Film adalah salah satu media yang akrab bagi anak muda. Baik media hiburan atau media belajar. Film hanyalah kemasan, tapi kontennya bisa apa saja. Tergantung bagaimana si pembuat film ber-‘story telling’.
Gerimis petang hari menyambut PWO Film Community saat tiba di Bojonegoro. Kota Ledre ini menjadi satu destinasi dari tur komunitas film asal Surabaya tersebut. Tepatnya Sabtu (15/2) di Jawah Public Space & Coffee, Jalan Pondok Pinang, Bojonegoro.
Tur tersebut bertajuk Workshop Script Writing & Psychoanalysis Short Film. Pentolan PWO Film, Pravana Widho Oktendho menjadi mentornya. Dia adalah seorang penulis naskah film.
Bojonegoro memiliki potensi untuk mengembangkan perfilman. Pasalnya, terdapat modal awal untuk itu, yakni komunitas dan potensi lokal. Misalnya destinasi alam atau kisah di balik sejarahnya.

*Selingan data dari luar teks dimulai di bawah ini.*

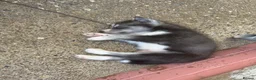 Siberian Husky dogs for sale: Puppies ready to go in London - Advert 14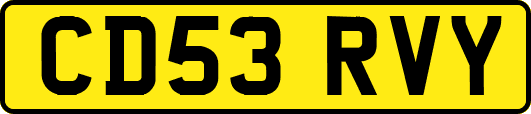 CD53RVY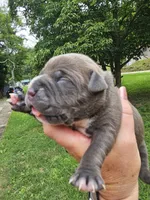 Female 2, a male American Bully for sale in Saint Albans, WV – 1 of 2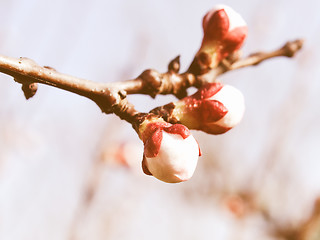 Image showing Retro looking Peach tree flower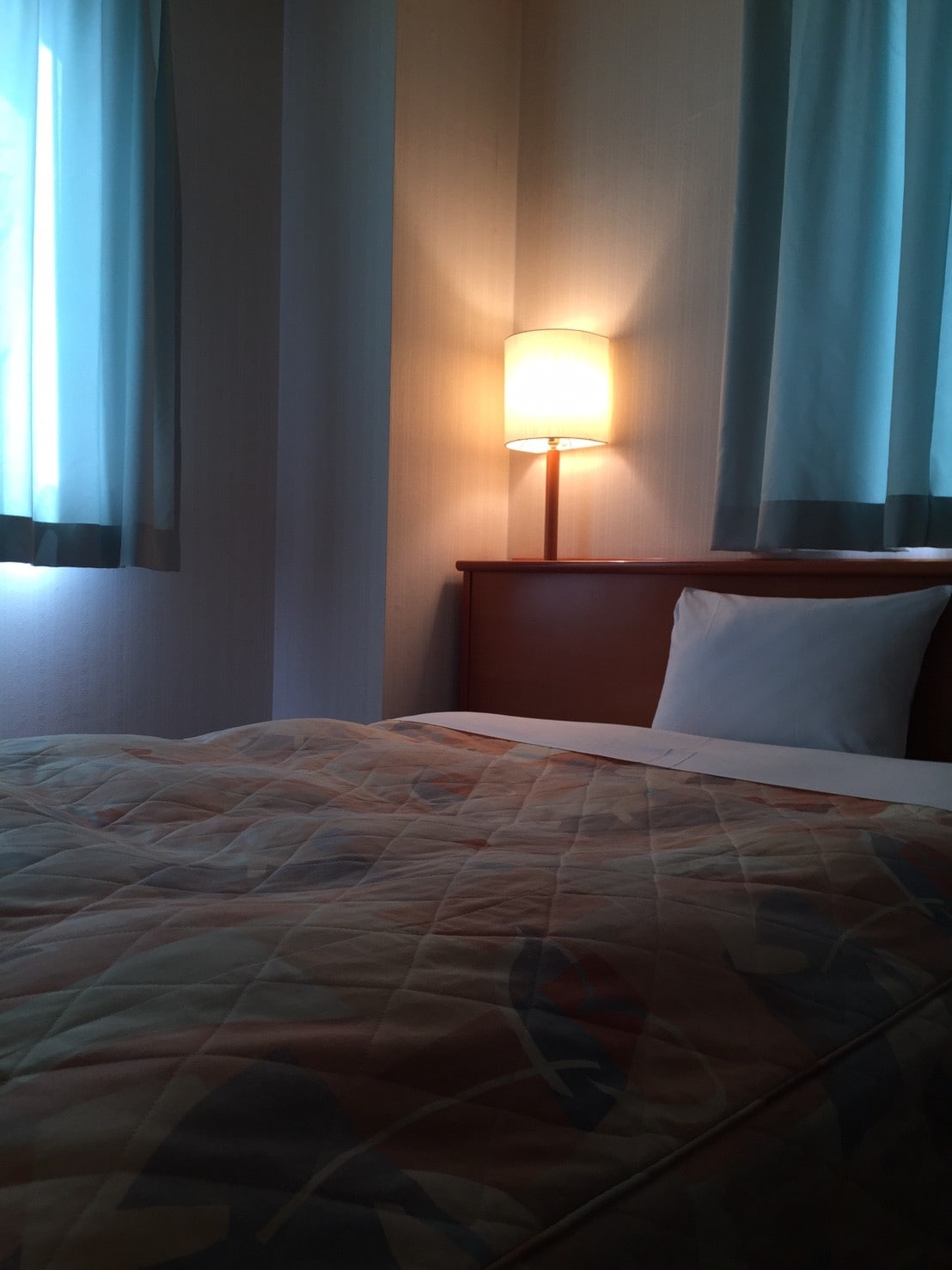 Non-smoking Western-style single room
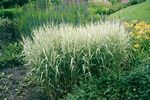 Ornamental Plants Reed Canary grass cereals (Phalaris arundinacea) Photo; multicolor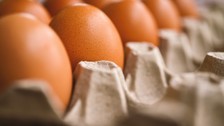 Rüyada Yumurta Görmek Ne Anlama Gelir? Neye Delalet Eder?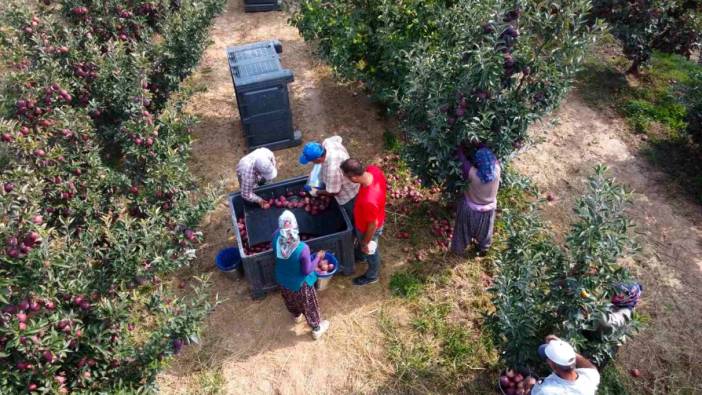 Beyşehir'de elma hasadı devam ediyor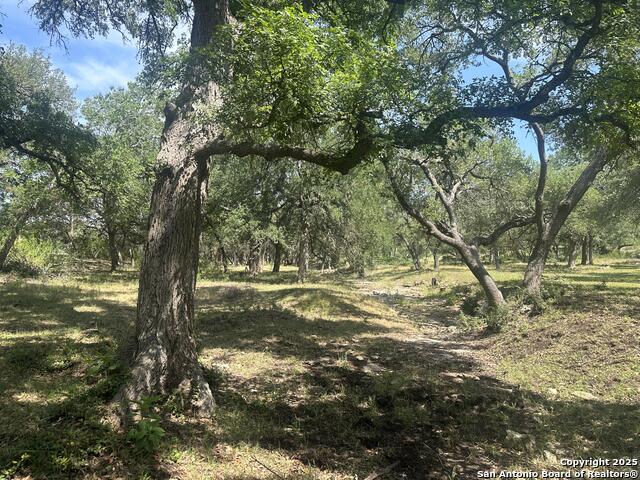 Image 8 of 28 For 543 Narrows  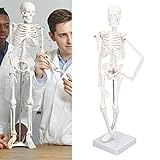 45 Cm Großes Mini-Skelettmodell aus PVC mit Knochenstruktur des Menschlichen Körpers mit Beweglichen Armen, Beinen und Ständer für Medizinstudenten, Chiropraktiker und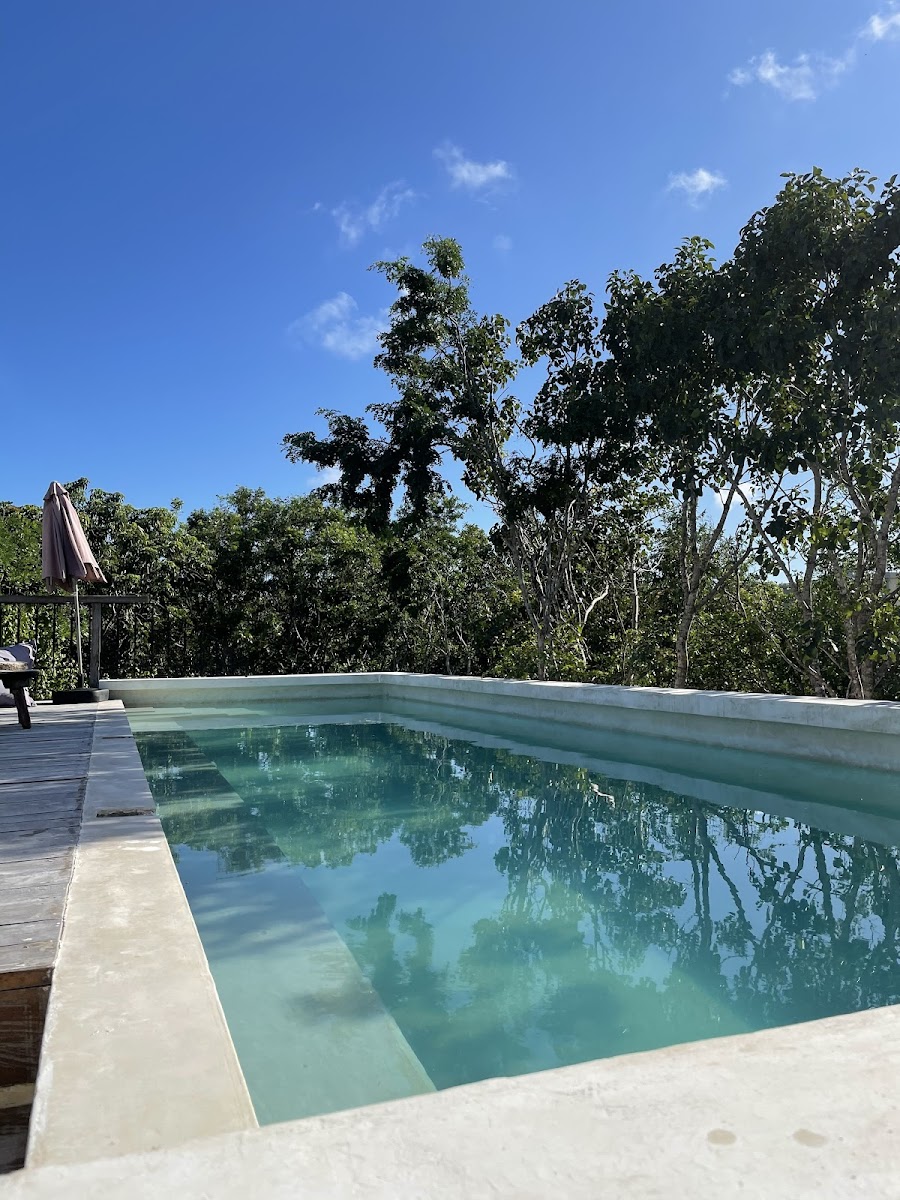 Ambre & Epices Jungle Hôtel & Spa photo 3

“Tinggal dicari saja, cerita mana yang bisa diangkat untuk film. Setelah itu dibuat naskah yang bagus sebagai story telling,” kata Ipank.
PWO menayangkan sebuah film pendek. Film tersebut biasa mengawali kegiatan workshop. Melalui film yang ada, bahan dan materi diskusi bisa didapat. Misalnya membedah naskah film.
“Ada pemutaran film pendek. Peserta bisa melihat untuk menjadi bahan dan materi diskusi. Melalui film itu kita bisa membedah naskahnya,” kata pria kelahiran Solo tersebut.
Ipank juga bercerita tentang pengalamannya. Dia sempat terlibat dalam pembuatan film Yo Wis Ben 2. Saat itu, dia banyak belajar. Melalui workshop inilah dia membagi ilmunya.
PWO tidak sekali ini berbagi ilmu dengan pegiat film di Bojonegoro. Sebelumnya, dia juga sempat membuka workshop pada 2019 lalu. Dengan materi yang sama, penulisan naskah film.
“Dibandingkan tahun lalu, peserta kali ini lebih terfilter. Ya karena materi lebih mendalam terkait penulisan naskah. Sebelumnya kan masih random, kebanyakan pegiat film,” ucap Ipank.
Memang benar. Proses pembuatan film itu panjang. Setiap personil perlu memiliki keahlian masing-masing. Itu pun dalam kurun waktu tertentu. Tidak bisa langsung bekerja bersama.
Paling awal adalah naskah film. Itu membuat ide danngagasan dari cerita yang akan diangkat. Karena itu, Ipank fokus dalam memberi pembekalan dalam penulisan naskah. Tahap paling mendasar dalam pembuatan film.
PWO Film berharap, workshop film maker tidak sekali saja. Namun, harus ada agenda rutin. Tujuannya adalah menghasilkan produk, yaitu sebuah film. Entah film pendek atau panjang, entah fiksi atau dokumentari.
“Nanggung mas kalau cuma sekali pertemuan. Ilmunya hanya teori. Inginnya sih berkelanjutan sampai jadi tuh sebuah film. Jadi belajarnya itu menghasilkan produk karya, khususnya film,” pungkas Ipank.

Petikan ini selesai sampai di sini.